One of the winning teams from Eminence Independent Schools developed its own media company – complete with blogs, tweets, webpages and podcasts. Another group created reading and math iBooks for the iPad. The third winning team developed a class for parents called, “How to Survive in a Digital World.”
All three teams have blazed a trail to the Student Technology Leadership Program (STLP) state convention to be held April 22 at Lexington’s Rupp Arena. The students participated in the STLP Regional Fall Showcase on Nov. 19 at University of Louisville where they displayed their technology projects in a format similar to a science fair. STLP is a project-based learning program that aims to empower students at all grade levels to use technology to learn and achieve.
“With it being my first year working as the STLP coach at Eminence, I am proud of their work,” said teacher Sherry Curtsinger. “It usually takes a few years to get to state, so I am thrilled.”
Projects that scored high enough on a certain scale advanced to the state convention to compete against the other regions. “E-Media Productions” was created by high school students Megan Riley, Breahna McNeirney, Alex Delgadillo and Cailiegh McKee. Students presented a media company and showcased their blogs, tweets, webpage, newscast, podcast, and “Warriors Illustrated” magazine.

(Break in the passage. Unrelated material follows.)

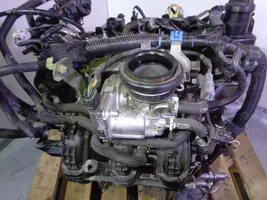 Citroen C1 Engine 1KR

The “iBook Author” was developed by high school students Maddie McKinley, Jasmine Cosma and Jared Golden. Students presented reading and math iBooks that they created for the iPad. This was a collaboration project between middle and high school students as well as High and Elementary school students.“How to Survive In A Digital World” was designed by middle school students Katilyn Ethington, Miah Satterly and Sarah Yount. Students showcased a class they held for parents in collaboration with Debbie Hartford and Lt. Shane Bates, Commander of the Kentucky Internet Crimes Against Children Task Force with the Kentucky State Police. Grace Flinkfelt, Hannah White, Autumn Wilson and Brittany Barnes were presenters during the parent class.
At the elementary level, math teacher Brandi Boothby’s class also qualified for the state contest with their project.
In addition, 12th-grader Ethan Cornett was invited to serve on the production truck at the state competition and to work as a cyber videographer. Cornett interviewed for both positions while at the fall showcase.